───── AVAILABLE RECORDS

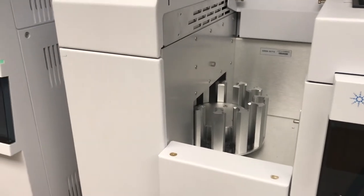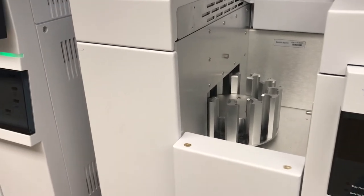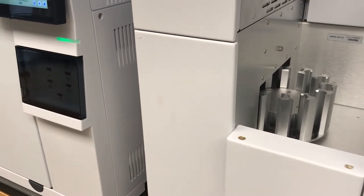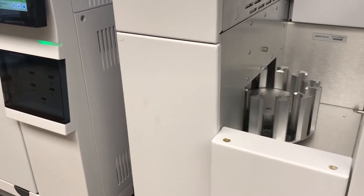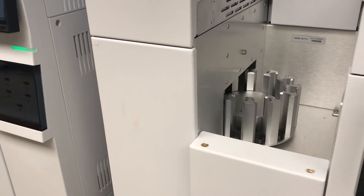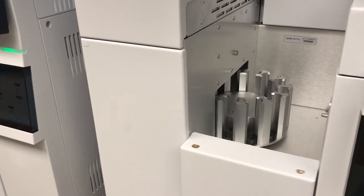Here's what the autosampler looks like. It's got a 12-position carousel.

──────────
───── AVAILABLE RECORDS

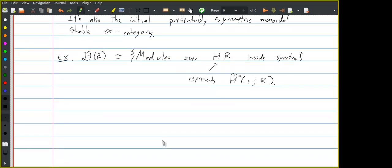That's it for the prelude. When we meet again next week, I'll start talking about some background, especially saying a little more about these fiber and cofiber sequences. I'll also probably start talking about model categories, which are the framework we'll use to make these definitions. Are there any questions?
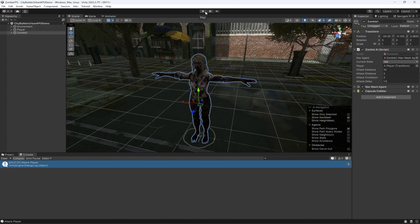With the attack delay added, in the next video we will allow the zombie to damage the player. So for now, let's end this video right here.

──────────
───── AVAILABLE RECORDS

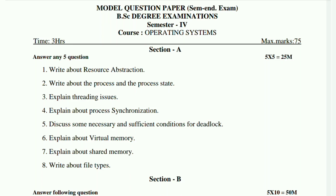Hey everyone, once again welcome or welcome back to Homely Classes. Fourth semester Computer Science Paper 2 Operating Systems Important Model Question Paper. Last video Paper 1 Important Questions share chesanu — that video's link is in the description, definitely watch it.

──────────

# [PROBLEM STATEMENT]
The answer is the lines above from the one with "That's it for" to the one with "With the attack", set down exactly, with no pictures.

# [TASK SOLUTION]
That's it for the prelude. When we meet again next week, I'll start talking about some background, especially saying a little more about these fiber and cofiber sequences. I'll also probably start talking about model categories, which are the framework we'll use to make these definitions. Are there any questions?
With the attack delay added, in the next video we will allow the zombie to damage the player. So for now, let's end this video right here.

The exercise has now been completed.